About noon, the Turks have broken down everything and are packed up, bag and baggage in anticipation of the truck ride. And then its four o'clock. And then its eight o'clock. And then it's midnight. And the Turks are cooking now. I had not stayed up to watch the fireworks, but here's what happened: about midnight, the Turkish major in charge had stood up and declared "I don't care if the trucks come right this second. We are not going anywhere. Everybody break out sleeping bags and sack out. If the trucks show up, the drivers will sit by the fire all night until we are ready for them to drive us. I have spoken. That is the way it is going to be." Now, his English wasn't that good, but it had improved markedly and was now a damn sight better than he had been letting on up until that point. In any event, his orders were unmistakeable and there was not going to be any argument, period (or maybe they'd bring up that "Turks to the death" thing again). One of the Turkish captains leaned over to Bob, the team sergeant, and told him how they would have handled this in the Turkish Army. "Sergeant Bob, if the truck driver does not come on time, we take one of the truck drivers and shoot him. All the other truck drivers hear about it and take great pains to be on time in the future." Bob said he wasn't sure how serious they were, but he made a point of staying up to greet the truck drivers when they did finally show up. He didn't want any mistakes or incidents at this stage of the game. The truck drivers did finally show up in the middle of the night, but everyone stayed sacked out until morning. From there, we skidded into Bad Tolz and Buckwheat and I pealed off for our TDY journey to Augsburg.

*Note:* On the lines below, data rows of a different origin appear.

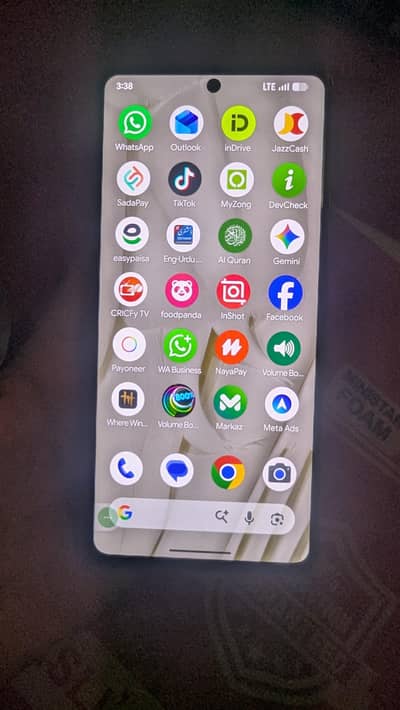 Google Pixel 7 Pro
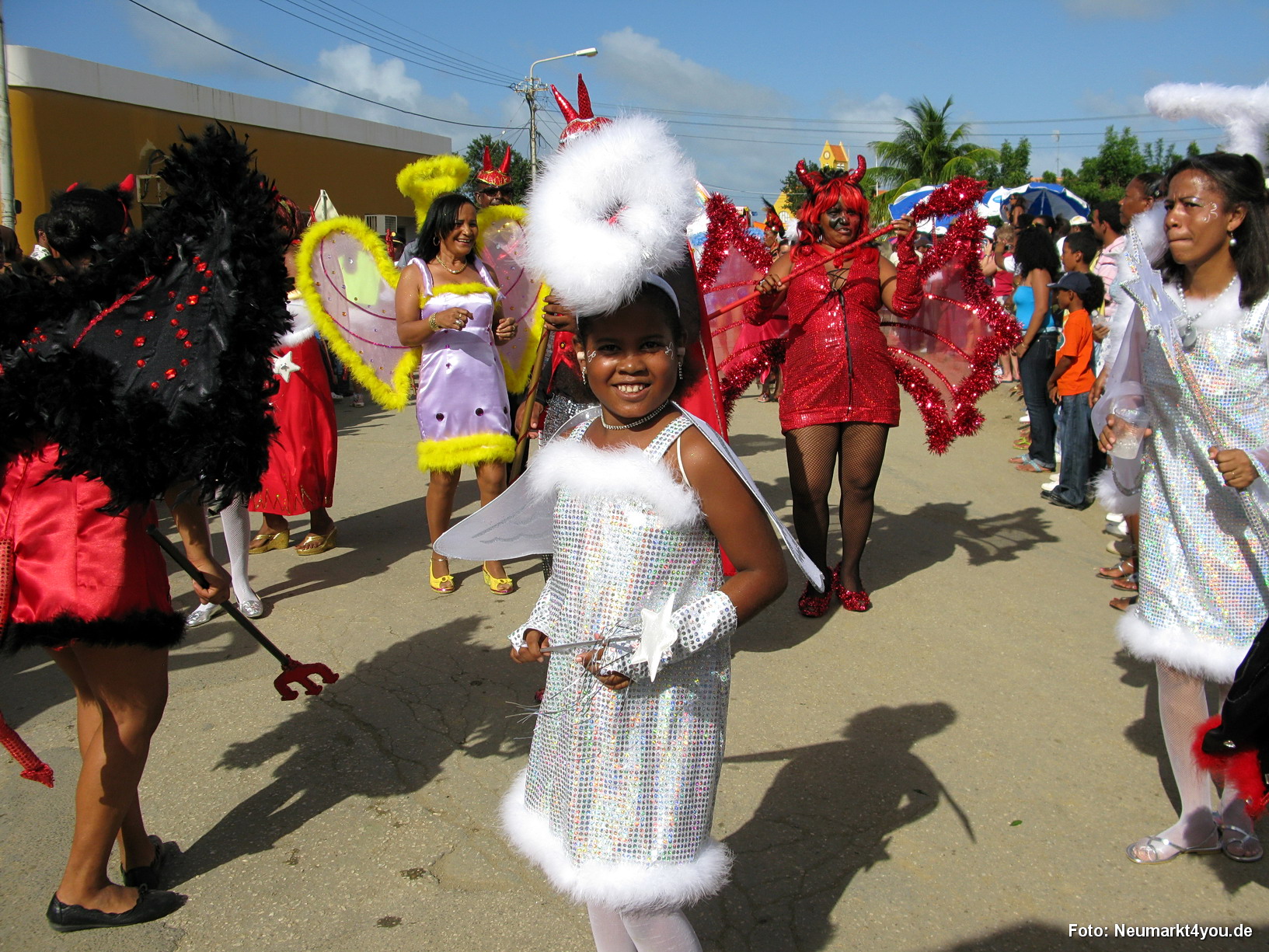 0020 Peter Karneval Bonaire 2009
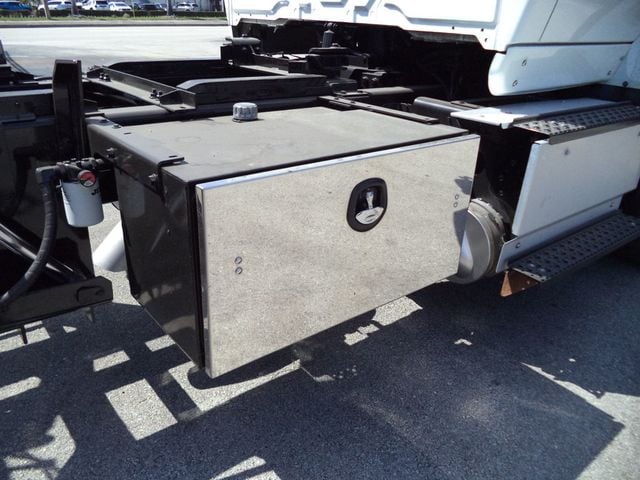 2016 International 7600 w/ JerrDan 28ft Industrial Carrier 15 Ton Tamdem Axle - 23005786 - 19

We did not get into as much trouble the second time around in Augsburg. We didn't have our first sergeant and commander to run interference, for one thing, and we had been informed that we were on probation anyway. Screw them, then.

I took up with my bad habits again, but it wasn't as much fun without Gary Weese to lead the way. We had some adventures, but it was pretty tame compared to the first time around.

I did have a high high palling around with Buckwheat (Lance McCoy). Lance knew everybody from his DLI days, and was a pretty smooth operator. Conventional wisdom suggested that guys hang around Lance and pick up some strays, and I saw it in action. Buckwheat was an interesting character study -- he apparently had been serious about a female soldier that was at Augsburg, but she wasn't as serious as him any more. She was pretty as a picture -- I remember that, so I don't blame him for a somewhat foul attitude. Anyway, I ran into Lance over at one of the clubs at some damn kaserne and we decided to go to another watering hole (I think he might have been looking for his friend, but I don't know for sure). Anyway, we come out of the club and go over to where taxis come by looking for fares. Somebody was already waiting and in a friendly voice mentioned that the next cab was theirs, to which Buckwheat replied "I'll fight you for it." I had been smiling up to that point, but I figured out something was wrong. We didn't have to fight for the cab, but that was Buckwheat.

Lot's of hostility on that trip. Frank Chun, who was my team sergeant and the senior guy there, went into the bank to cash a check and one of the tellers said something to him that didn't sit right. Frank didn't take lip, so he got into something of a verbal joust. Well, the teller was some sergeant major's wife, and the next thing you know, Frank is in the guy's office. Frank didn't back down, though. He told the sergeant major it wasn't any of his business, and that Frank ought to be sitting in the bank manager's office getting his ass kissed instead of the sergeant major's office getting his ass chewed.

This is a picture of Frank taken at Fort Meade in 1981. A bunch of us were TDY for various projects and we built a snowman. That's Barry Garland behind Frank.

Frank was real good to me and the other guys. During 1981, I had moved into the same apartment complex that he lived in, and he and his wife were always cooking dinner for me and the other single guys. In fact, his wife set me up with a local girl that she met at the local college. I then went on a string of TDYs to beat the band, so Sherri and I never consumated the deal, but its the thought that counts.